“There’s a small settlement about twenty miles up,” I say. “We dropped them off the list because they weren’t big enough to be worth taxing the hives, not because they did anything aggressive or against the rules. They hand-pollinate their fruit trees. We can swap them a few hours pollination for water and a chance to rest the engines.”
“There we go,” says Alan, content in his victory.
I wrinkle my face into a scowl and blow the horn again. I hate unscheduled stops almost as much as I hate smug mechanics, and the loss of the open road.
Honey for the children, let them know what we have done;
Honey for the mothers, for their trials have just begun.
Honey for the fathers, let them keep what any can.

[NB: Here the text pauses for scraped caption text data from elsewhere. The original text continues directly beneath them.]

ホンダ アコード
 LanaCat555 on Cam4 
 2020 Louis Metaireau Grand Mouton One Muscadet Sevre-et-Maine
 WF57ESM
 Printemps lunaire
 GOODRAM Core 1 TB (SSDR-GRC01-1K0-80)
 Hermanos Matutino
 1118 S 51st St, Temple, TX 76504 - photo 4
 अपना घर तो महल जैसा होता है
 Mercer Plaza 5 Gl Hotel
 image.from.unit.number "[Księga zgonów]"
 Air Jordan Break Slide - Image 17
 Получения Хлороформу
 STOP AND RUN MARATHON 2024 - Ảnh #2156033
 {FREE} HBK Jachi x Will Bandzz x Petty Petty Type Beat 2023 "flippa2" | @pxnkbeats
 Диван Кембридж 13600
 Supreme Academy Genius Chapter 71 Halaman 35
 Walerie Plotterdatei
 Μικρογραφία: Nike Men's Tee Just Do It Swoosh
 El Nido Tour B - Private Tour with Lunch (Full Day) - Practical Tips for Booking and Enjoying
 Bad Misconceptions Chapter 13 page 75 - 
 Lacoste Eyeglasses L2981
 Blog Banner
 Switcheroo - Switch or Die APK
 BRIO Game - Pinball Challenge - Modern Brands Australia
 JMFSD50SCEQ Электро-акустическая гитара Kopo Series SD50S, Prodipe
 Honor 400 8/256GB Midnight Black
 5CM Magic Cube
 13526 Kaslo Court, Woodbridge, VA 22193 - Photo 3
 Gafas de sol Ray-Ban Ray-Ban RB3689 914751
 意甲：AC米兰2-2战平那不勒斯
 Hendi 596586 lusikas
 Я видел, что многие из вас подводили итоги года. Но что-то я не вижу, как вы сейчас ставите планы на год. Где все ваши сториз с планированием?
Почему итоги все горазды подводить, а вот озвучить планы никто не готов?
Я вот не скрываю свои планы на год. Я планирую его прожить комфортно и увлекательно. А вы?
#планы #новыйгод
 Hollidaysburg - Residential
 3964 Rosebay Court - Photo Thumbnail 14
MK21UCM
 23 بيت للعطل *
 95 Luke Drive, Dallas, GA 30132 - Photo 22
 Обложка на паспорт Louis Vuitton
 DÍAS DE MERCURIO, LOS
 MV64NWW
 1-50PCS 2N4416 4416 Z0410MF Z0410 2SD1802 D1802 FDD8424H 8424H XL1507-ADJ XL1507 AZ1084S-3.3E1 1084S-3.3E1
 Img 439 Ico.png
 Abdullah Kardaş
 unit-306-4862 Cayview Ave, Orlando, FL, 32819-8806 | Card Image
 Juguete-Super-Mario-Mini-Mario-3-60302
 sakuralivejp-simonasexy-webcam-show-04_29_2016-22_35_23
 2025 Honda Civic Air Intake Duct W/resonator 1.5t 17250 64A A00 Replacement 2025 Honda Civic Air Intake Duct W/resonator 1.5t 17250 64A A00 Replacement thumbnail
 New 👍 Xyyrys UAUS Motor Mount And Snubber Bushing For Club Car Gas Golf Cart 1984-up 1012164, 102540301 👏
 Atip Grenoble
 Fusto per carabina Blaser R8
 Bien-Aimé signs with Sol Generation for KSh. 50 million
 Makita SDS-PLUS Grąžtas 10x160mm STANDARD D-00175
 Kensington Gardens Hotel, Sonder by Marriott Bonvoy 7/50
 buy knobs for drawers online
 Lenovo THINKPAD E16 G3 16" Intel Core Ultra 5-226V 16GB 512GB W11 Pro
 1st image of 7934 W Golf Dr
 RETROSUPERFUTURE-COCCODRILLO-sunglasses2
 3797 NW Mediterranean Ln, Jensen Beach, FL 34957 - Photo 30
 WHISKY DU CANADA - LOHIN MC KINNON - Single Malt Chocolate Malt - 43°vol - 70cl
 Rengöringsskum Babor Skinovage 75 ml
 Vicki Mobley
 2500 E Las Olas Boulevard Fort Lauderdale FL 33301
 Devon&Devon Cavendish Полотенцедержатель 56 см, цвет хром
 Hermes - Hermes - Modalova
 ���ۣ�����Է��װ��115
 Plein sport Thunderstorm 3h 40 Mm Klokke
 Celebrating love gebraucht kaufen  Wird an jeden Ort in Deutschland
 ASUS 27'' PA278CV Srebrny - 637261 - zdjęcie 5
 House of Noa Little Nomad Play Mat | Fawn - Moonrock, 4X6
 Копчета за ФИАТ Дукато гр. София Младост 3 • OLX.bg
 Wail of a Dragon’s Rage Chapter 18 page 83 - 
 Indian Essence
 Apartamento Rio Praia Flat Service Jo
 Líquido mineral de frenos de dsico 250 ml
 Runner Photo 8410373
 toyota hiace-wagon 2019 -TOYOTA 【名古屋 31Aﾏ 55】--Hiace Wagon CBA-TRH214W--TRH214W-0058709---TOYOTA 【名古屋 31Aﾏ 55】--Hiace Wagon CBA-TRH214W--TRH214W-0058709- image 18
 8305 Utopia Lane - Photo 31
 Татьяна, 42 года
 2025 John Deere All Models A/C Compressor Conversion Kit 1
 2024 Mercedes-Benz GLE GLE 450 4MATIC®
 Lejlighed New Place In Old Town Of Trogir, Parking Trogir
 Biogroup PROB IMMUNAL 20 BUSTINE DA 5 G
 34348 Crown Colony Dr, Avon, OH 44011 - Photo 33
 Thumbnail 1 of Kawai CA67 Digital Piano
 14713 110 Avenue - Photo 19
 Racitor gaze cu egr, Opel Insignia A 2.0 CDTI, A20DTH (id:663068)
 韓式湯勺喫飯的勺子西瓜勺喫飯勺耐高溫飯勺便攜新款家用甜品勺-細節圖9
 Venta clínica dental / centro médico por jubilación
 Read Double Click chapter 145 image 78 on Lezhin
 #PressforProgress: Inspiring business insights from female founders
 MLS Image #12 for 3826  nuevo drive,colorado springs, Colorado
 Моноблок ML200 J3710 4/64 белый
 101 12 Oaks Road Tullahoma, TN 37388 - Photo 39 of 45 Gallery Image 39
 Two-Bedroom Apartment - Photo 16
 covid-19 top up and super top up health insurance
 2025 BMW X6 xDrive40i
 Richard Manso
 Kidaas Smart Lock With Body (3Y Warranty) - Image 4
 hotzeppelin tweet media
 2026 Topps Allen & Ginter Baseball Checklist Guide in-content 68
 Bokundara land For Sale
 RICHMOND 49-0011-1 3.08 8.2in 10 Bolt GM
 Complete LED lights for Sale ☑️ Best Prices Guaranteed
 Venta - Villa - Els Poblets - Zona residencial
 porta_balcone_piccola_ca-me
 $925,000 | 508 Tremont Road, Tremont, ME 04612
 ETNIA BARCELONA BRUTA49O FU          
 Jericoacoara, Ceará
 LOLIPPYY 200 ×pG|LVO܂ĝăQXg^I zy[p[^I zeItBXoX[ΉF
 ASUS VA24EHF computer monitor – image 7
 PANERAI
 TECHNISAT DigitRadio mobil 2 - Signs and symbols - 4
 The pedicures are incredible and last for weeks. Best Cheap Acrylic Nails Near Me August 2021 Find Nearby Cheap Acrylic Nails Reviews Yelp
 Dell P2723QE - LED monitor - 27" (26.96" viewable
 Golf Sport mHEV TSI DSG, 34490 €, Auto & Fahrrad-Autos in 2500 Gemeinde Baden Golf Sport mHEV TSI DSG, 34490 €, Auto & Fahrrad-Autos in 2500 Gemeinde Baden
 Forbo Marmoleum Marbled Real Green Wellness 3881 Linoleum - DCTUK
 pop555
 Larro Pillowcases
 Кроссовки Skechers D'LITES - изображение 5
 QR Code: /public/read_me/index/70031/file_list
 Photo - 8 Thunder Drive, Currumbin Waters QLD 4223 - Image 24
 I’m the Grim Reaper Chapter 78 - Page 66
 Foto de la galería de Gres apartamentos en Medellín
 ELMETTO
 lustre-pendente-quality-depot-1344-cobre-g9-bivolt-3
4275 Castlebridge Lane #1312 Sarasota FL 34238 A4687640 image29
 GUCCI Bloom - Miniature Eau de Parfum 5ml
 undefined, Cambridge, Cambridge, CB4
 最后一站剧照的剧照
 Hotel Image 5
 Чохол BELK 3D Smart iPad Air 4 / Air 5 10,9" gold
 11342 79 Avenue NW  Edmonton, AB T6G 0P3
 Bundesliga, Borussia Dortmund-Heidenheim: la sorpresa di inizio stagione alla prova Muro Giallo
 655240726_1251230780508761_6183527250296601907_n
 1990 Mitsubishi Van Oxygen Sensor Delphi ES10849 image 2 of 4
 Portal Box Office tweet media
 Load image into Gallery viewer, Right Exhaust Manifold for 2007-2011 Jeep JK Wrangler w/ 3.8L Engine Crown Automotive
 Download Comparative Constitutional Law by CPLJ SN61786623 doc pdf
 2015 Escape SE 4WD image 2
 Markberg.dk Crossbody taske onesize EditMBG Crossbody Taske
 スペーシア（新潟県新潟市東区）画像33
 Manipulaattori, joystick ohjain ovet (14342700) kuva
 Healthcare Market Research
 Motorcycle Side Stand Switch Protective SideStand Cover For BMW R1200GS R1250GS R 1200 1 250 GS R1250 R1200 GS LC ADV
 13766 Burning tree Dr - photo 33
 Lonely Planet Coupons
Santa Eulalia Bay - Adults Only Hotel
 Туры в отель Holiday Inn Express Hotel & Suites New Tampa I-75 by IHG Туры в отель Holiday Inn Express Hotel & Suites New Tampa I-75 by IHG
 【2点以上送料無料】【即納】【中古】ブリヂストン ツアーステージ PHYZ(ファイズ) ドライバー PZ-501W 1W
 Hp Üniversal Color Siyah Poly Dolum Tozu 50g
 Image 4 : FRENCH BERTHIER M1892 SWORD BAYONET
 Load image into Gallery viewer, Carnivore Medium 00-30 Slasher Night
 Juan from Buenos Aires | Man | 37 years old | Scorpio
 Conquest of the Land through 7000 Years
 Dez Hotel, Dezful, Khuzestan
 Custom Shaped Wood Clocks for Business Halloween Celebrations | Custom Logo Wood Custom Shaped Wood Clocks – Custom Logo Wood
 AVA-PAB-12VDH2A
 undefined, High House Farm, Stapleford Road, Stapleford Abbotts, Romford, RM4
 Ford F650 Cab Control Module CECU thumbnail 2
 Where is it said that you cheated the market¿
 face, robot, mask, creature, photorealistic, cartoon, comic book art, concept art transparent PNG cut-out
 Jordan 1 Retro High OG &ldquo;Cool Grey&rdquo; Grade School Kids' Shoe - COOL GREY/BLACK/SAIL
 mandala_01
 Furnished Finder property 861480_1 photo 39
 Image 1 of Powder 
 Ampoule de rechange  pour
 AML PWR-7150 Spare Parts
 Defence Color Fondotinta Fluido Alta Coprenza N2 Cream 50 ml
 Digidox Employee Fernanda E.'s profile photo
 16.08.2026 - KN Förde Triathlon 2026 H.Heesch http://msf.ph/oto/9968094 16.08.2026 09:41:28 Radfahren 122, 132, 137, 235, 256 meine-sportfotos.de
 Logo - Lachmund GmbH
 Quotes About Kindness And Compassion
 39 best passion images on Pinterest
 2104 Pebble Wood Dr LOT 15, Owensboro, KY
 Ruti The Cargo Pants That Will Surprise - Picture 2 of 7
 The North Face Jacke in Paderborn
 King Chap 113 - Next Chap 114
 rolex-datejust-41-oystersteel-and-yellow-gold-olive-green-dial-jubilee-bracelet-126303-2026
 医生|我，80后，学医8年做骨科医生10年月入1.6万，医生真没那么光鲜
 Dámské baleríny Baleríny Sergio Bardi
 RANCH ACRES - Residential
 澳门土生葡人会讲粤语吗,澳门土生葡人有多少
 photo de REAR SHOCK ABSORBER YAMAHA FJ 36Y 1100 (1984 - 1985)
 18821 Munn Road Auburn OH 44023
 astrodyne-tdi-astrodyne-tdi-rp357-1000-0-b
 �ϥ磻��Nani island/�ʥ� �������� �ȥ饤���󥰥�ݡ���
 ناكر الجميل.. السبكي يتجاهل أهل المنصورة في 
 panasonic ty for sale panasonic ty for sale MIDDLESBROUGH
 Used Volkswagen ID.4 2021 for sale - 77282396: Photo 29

Honey for the drivers. May they find a better plan.
There are children in the trees when we pull off the road, the whole convoy rolling in noisy tandem, like the hand of God reaching out to touch these people’s lives for no good reason. I can see their faces speckled through the leaves, eyes wide and staring in awe at the vehicles, which must seem like something from a fairy story of the before-time. People who work a farmstead like this, they’re not thinking about hitting the road and heading for the horizon; not when there’s a paintbrush in their hand and work still to be done. And there is always work to be done.
Poppy and I got Nijmi on a farmstead a lot like this one, payment offered for a turn with the hives and a chance at a better growing season. We wouldn’t have done it—we don’t trade in slaves—but we could see the way she was looking at the bikes, and the way the boys in my age group were looking at her. She needed out. We needed someone with young reflexes and sharp eyes who was ready to be indoctrinated into the way of the honey and the hive. A deal was struck, a price was paid, and if her parents slept poorly for the loss of her, good. They deserved to understand what they’d done. Maybe they kept a better eye on their girls these days. Maybe they were better about making sure that they were safe.
Nijmi is the youngest of us. She doesn’t remember clean water from every faucet, electric hair dryers, air conditioning in every room. For her, the world has always been the black and broken road, the honey on the tongue, the eager eyes of everyone who sees us and knows what we carry, cargo more precious than bread, more irreplaceable than shade. It’s almost refreshing, watching her interact with the world. For her, there is nothing left to lose.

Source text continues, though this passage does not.